Are You a Blog Snob?
May 27, 2006
I’m sure you know of a few. Those would be Blog Snobs. I ain’t naming no names but lurking around the blogosphere I came across this nifty little post: Blog Snobbery 101. It’s in jest and I’ll continue in jest.
A blog snob is a super-important blogger who knows it and makes sure the rest of the world does too. A blog snob doesn’t come out and say “Hey, look at me! I’m super-important!” No, blog snobs simply exude importance through their actions.
A few choice picks from the post…
…only your friends’ comments are worthy of a response. Everyone else is just there to give you praise (and add to your blog’s importance by contributing to your comment count).
In the off chance you decide to actually respond to a piece of fan-mail just remember: hitting that reply button inside of a week is a big no-no. You must wait at least a week, preferably a month before replying. The longer you keep’em waiting (and guessing, because some of your fans actually want a reply–go figure), the more it adds to your aura of importance.

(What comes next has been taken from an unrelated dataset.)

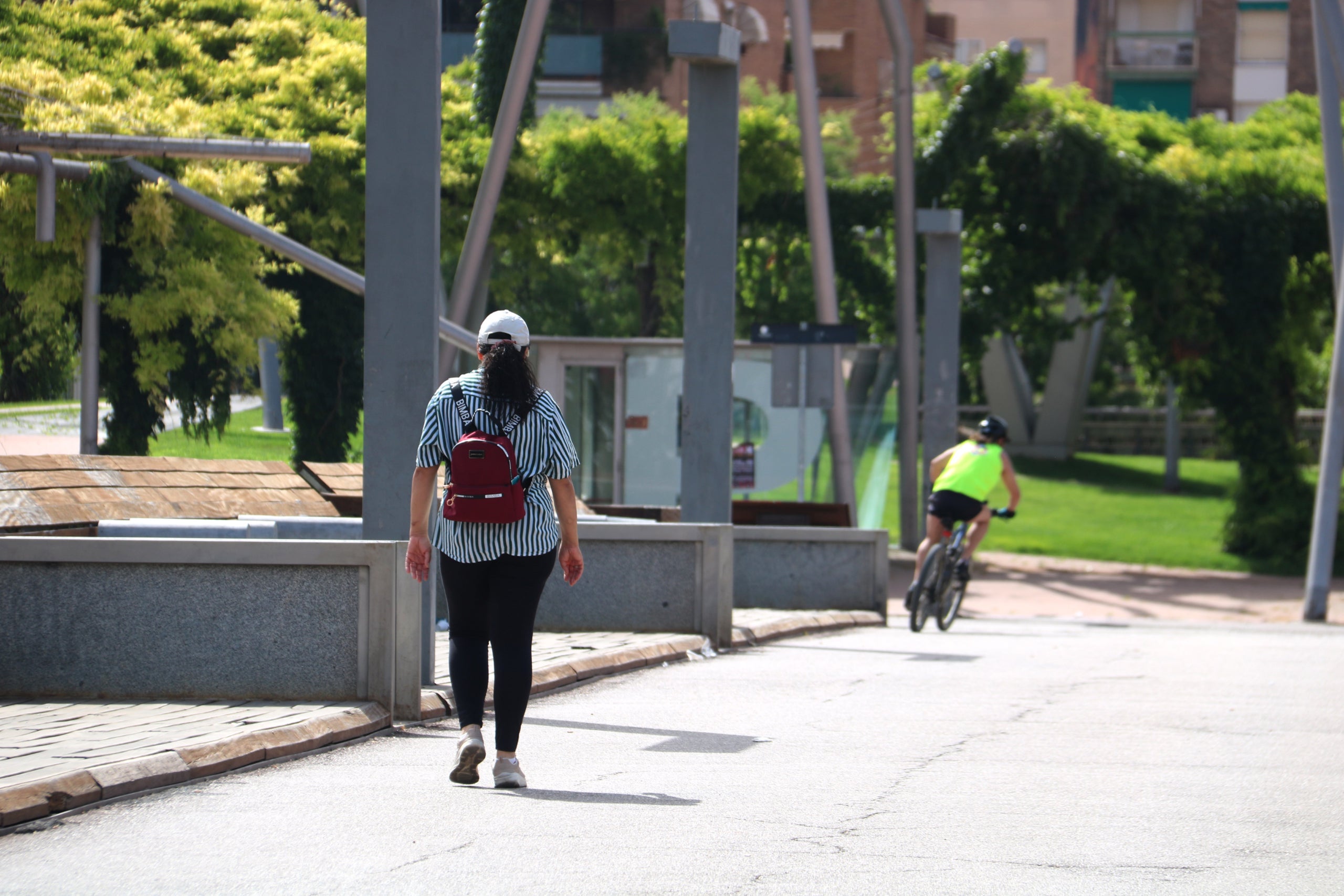 Una persona camina per Lleida amb una gorra per protegir-se de les altes temperatures | Alba Mor (ACN)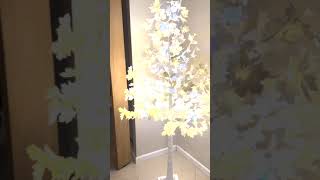 Video de Arbol Luminoso Minimalista Cerezo Arce Blanco Calido con Destellos 1,80mts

After all, you’re so busy you couldn’t possibly have time for the people who read your blog (and make you the important person that you are) so go ahead, make’em wait!
Do you know anybody who is a blog snob? If so, maybe an e-intervention is in order. They may not know it. Let’s pick out one Blog Snob, get a blogging posse together and head on over to the blog in question and confront them. There’ll be screaming, ranting, denails, tears and jeers and hopefully acceptance … then come Monday, they’ll continue on their snobbery ways.
More importantly … if after reading the post and you’ve come to the shock, horror realisation that you’re one of them then hang your head in shame and do your best to de-snob yourself or else there just might be a blgging posse heading your way.
PS. I truly didn’t have anybody in mind who’s a bona-fide blog snob when writing this post.
PPS. I truly didn’t. But I’m sure if I think about it I may come up with a few.
PPPS. It’s 3am. Sunday morning. Do you know where you are? You’re head hurts. And you’ve stumbled home and are now surfing around visiting shonky sites (okay, porn) and messing with YouTube and writing this post. What happened to Saturday? Enough said. (special thanks to “Bright Lights, Big City” by Jay McInerney for the inspiration to write this PPPS in the second person.) You decide to go to bed and skip Sunday.
PPPPS. Thanks for letting me indulge in some literary shenanigans.